Por otro lado, ya me he enterado de algunas cosas interesantes, como que el horario es flexible: puedo entrar de 8 a 10 y salir justo 8 horas después, incluyendo la comida y los cafés porque (esto creo que no lo había contado y ahora voy a dar un poco de rabia a mis ex-compis de trabajo) mi jornada laboral es de 7 horas y 15 minutos al día.
Condiciones a parte, una de las principales diferencias que he visto respecto a Spain, y que ya era de esperar, es que las comidas no son un evento tan social como allí; la gente baja a comer a su rollo (tenemos cantina dentro del edificio) y, aunque bajen varias personas a la vez, conforme van acabando se piran y no esperan a que hayan acabado los demás del grupo.
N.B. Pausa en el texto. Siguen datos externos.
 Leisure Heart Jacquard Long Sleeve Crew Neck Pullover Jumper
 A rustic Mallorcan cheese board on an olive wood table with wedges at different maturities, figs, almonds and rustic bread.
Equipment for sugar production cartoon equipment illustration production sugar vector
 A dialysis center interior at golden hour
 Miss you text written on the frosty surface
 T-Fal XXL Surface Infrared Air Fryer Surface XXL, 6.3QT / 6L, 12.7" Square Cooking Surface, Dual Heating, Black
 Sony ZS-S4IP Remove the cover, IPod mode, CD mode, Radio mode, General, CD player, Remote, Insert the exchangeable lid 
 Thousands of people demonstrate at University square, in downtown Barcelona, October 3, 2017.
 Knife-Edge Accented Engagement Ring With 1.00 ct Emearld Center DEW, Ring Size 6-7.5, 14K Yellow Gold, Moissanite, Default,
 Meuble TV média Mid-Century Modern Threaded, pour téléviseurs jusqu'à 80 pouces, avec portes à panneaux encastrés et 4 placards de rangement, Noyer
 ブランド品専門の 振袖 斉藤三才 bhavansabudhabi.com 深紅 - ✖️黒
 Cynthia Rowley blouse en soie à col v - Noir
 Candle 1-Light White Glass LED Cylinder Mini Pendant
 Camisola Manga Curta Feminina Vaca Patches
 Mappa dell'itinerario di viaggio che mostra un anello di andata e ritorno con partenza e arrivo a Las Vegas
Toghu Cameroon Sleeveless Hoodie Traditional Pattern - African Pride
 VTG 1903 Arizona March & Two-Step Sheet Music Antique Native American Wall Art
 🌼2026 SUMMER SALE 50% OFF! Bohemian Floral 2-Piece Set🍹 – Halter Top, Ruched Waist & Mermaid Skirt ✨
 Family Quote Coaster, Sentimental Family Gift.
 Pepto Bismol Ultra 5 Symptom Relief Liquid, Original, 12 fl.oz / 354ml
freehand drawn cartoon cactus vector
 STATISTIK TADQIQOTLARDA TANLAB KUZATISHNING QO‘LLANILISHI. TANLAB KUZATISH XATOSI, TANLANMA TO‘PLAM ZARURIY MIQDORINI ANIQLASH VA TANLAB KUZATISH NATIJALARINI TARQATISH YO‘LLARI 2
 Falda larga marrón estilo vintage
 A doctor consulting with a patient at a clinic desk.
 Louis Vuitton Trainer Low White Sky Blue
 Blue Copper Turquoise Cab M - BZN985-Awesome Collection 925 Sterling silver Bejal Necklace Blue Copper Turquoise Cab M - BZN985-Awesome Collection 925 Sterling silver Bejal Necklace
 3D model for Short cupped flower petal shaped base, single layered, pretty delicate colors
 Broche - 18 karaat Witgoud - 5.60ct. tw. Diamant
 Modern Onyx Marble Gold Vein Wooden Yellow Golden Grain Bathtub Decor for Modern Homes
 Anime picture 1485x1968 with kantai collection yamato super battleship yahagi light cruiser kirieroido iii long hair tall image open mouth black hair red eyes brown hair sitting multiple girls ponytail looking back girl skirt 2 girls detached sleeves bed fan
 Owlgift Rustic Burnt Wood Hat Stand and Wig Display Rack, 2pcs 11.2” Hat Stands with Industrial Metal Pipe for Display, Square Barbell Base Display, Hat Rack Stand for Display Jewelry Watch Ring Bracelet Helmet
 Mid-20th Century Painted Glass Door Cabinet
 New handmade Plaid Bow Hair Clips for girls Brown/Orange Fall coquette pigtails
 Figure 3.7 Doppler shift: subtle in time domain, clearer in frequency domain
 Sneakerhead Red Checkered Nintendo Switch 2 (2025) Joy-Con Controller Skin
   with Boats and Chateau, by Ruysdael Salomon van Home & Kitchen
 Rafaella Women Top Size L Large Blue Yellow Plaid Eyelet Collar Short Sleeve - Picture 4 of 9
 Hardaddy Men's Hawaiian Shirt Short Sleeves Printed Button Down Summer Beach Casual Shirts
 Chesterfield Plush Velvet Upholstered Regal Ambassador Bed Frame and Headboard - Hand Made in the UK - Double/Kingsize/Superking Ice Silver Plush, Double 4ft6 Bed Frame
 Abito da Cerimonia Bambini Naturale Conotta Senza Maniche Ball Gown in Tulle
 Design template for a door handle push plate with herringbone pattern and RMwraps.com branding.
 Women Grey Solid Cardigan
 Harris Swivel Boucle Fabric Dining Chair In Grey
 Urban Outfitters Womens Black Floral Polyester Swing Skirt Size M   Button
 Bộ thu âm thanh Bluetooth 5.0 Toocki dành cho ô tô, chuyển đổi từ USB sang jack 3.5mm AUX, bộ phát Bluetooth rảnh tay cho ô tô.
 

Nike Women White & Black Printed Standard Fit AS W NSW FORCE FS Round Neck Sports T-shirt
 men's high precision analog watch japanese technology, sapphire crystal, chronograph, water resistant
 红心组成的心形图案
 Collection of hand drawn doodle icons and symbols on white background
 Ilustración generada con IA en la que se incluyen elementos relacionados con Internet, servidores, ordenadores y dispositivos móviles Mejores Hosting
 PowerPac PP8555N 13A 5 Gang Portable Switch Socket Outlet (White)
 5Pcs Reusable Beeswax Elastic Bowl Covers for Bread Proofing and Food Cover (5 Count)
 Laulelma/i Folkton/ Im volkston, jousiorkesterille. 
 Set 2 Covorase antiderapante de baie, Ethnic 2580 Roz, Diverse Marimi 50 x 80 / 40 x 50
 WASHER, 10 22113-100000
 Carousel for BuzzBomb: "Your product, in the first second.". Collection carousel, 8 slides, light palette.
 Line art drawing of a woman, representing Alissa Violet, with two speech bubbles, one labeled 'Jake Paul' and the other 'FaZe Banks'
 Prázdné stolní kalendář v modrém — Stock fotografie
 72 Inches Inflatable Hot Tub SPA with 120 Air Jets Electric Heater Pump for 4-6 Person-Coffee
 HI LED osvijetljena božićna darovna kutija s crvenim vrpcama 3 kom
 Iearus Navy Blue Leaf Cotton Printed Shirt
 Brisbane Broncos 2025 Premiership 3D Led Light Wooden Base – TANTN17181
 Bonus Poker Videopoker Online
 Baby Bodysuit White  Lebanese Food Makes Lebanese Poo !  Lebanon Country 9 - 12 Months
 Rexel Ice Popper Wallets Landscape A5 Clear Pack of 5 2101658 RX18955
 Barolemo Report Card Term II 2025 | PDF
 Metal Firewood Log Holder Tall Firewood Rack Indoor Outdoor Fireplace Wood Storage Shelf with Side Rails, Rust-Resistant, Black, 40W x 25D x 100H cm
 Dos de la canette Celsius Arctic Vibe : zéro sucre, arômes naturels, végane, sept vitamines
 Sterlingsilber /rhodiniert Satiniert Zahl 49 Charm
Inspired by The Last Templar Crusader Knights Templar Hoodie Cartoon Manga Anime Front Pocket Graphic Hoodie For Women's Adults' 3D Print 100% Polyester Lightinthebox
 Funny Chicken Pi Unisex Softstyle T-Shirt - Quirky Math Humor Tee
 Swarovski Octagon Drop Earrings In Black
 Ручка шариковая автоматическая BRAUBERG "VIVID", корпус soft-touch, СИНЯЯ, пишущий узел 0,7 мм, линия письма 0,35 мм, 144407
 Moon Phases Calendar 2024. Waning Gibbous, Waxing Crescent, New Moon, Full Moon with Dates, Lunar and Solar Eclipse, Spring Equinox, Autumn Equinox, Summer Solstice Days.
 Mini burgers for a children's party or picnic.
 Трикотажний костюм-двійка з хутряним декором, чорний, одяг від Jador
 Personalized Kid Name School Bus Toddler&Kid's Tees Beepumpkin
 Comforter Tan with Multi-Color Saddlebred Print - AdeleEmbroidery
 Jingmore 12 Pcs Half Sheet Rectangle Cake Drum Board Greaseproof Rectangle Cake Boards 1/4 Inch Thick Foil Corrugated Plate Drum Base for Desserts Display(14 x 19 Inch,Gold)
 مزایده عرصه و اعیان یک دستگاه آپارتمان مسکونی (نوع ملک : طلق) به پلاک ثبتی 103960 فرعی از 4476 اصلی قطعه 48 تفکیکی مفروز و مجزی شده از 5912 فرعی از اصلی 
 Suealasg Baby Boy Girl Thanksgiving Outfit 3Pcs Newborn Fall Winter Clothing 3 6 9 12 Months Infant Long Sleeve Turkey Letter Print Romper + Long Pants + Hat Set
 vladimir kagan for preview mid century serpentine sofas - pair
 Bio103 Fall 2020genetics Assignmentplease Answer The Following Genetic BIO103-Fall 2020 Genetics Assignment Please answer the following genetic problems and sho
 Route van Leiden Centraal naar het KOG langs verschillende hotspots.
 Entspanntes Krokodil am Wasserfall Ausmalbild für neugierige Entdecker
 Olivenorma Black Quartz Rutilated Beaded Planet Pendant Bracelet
También están, por supuesto, los que pillan un sandwich y comen delante de la pantalla.
Al menos tienen la costumbre de bajar a tomar café por la mañana y por la tarde, algo que no me esperaba y que creía que era más typical spanish que otra cosa. Me alegra que aquí también se hagan estos descansillos para comentar el partido del fin de semana o el inminente comienzo de la Ryder Cup.